Description of the task:
Where the line containing "infografika przedstawiająca główne" appears, start repeating, and continue exactly through the last line below, adding nothing. Include no pictures.

Data provided:
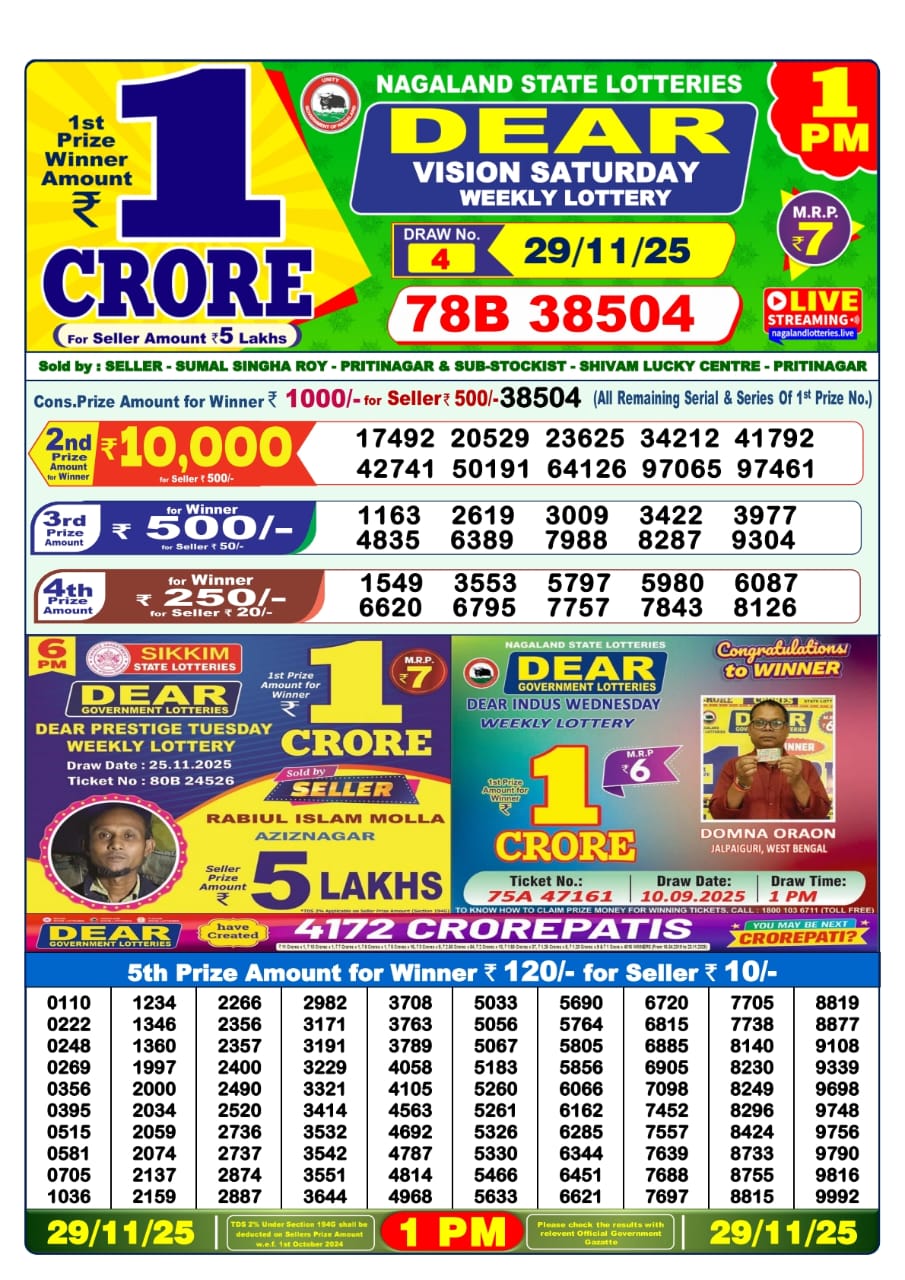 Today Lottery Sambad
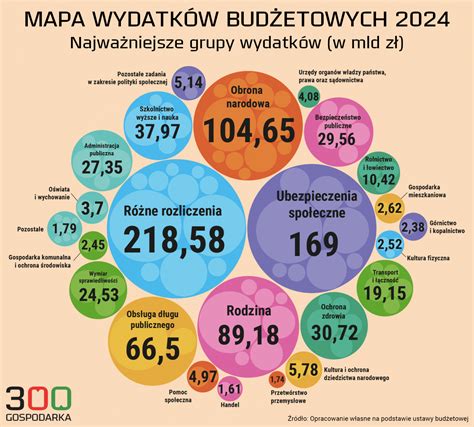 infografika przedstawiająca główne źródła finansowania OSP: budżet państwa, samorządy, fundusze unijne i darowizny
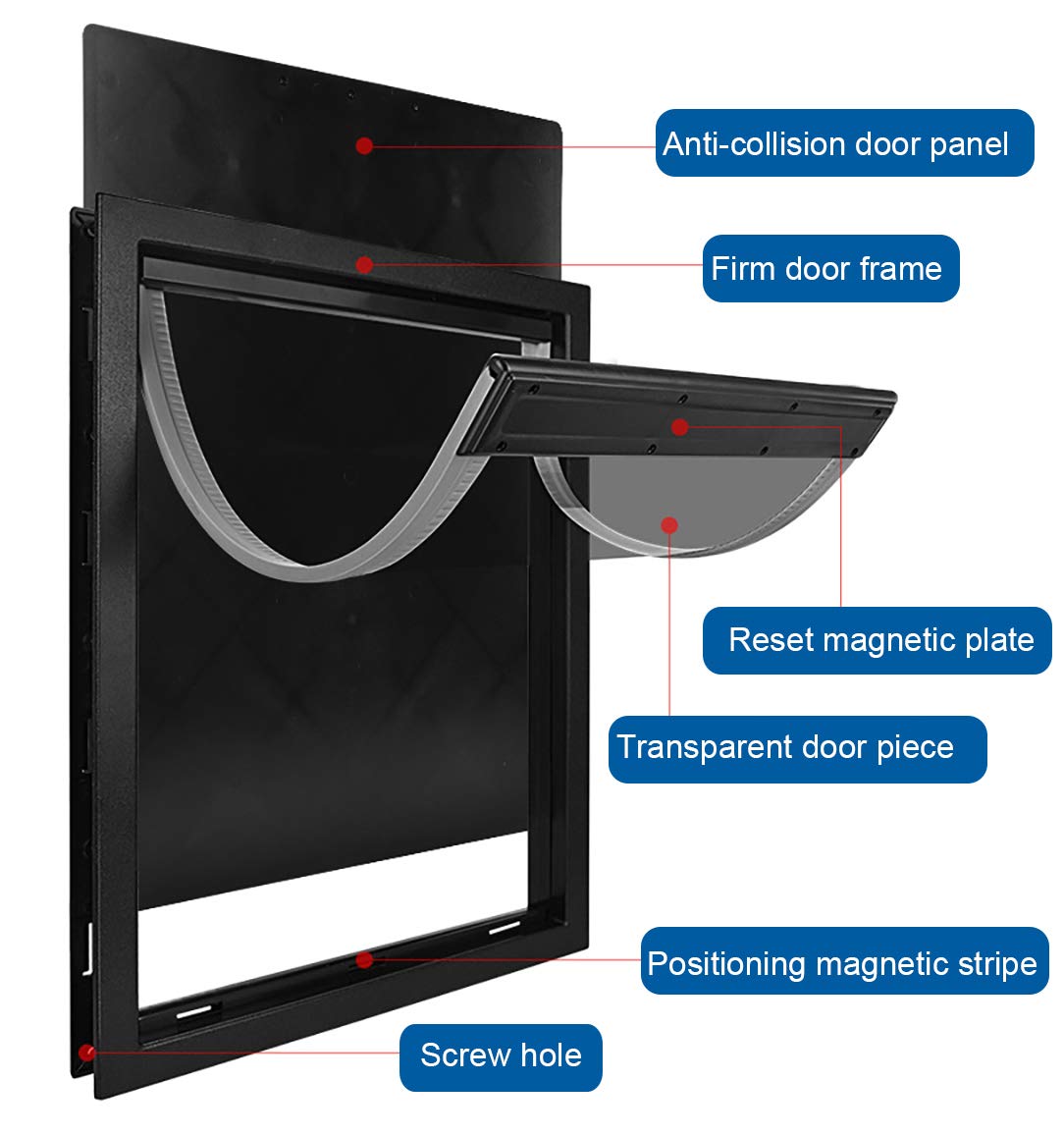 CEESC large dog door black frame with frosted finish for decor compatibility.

Response:
 infografika przedstawiająca główne źródła finansowania OSP: budżet państwa, samorządy, fundusze unijne i darowizny
 CEESC large dog door black frame with frosted finish for decor compatibility.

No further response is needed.